"""
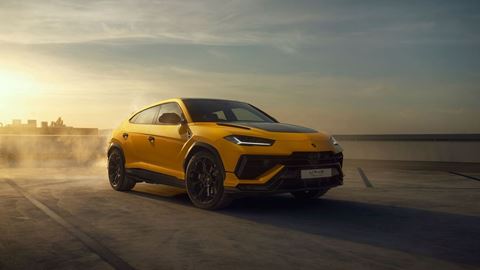 Lamborghini Urus Performante - Sunset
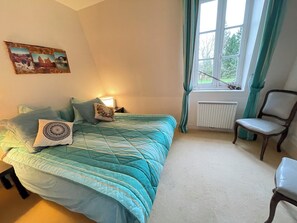 4 bedrooms, bed sheets - The domain of love (Saint-Vincent-du-Boulay)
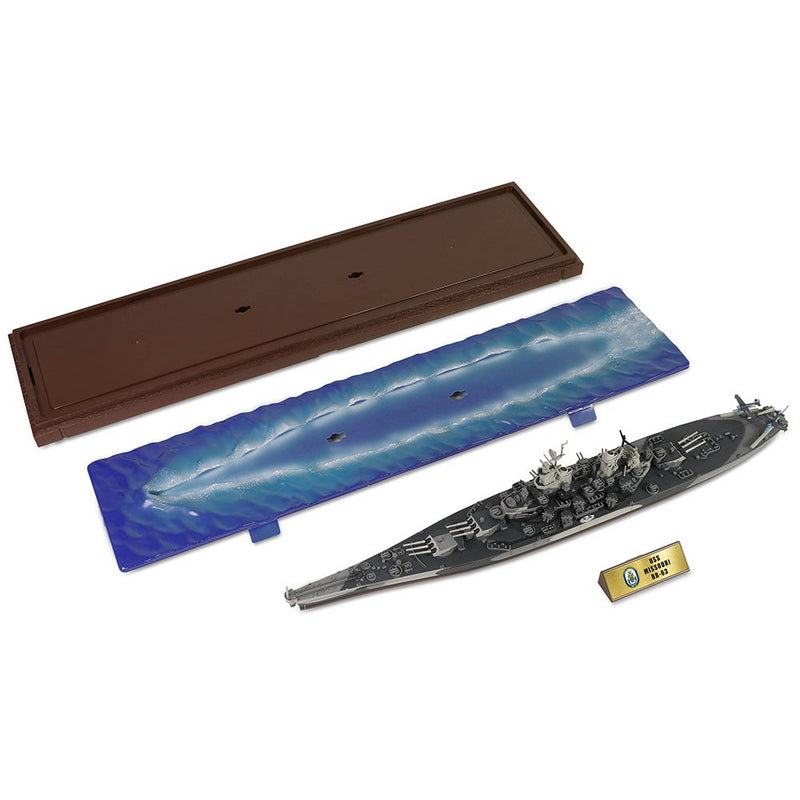 Iowa Class Battleship USS Missouri BB-63 Waterline Series 1:700 Scale Forces of Valor 862031B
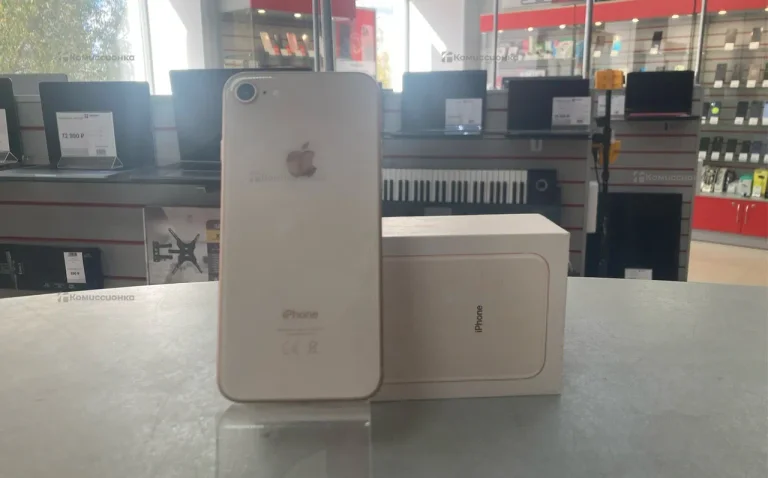 Apple iPhone 8 2/64 ГБ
"""
→ Exercise objective:
Could you set down, exactly as written, every line from the one with "Iowa Class Battleship" to the end of the data, both ends included? Leave out the pictures.

→ Result of the task:
 Iowa Class Battleship USS Missouri BB-63 Waterline Series 1:700 Scale Forces of Valor 862031B
 Apple iPhone 8 2/64 ГБ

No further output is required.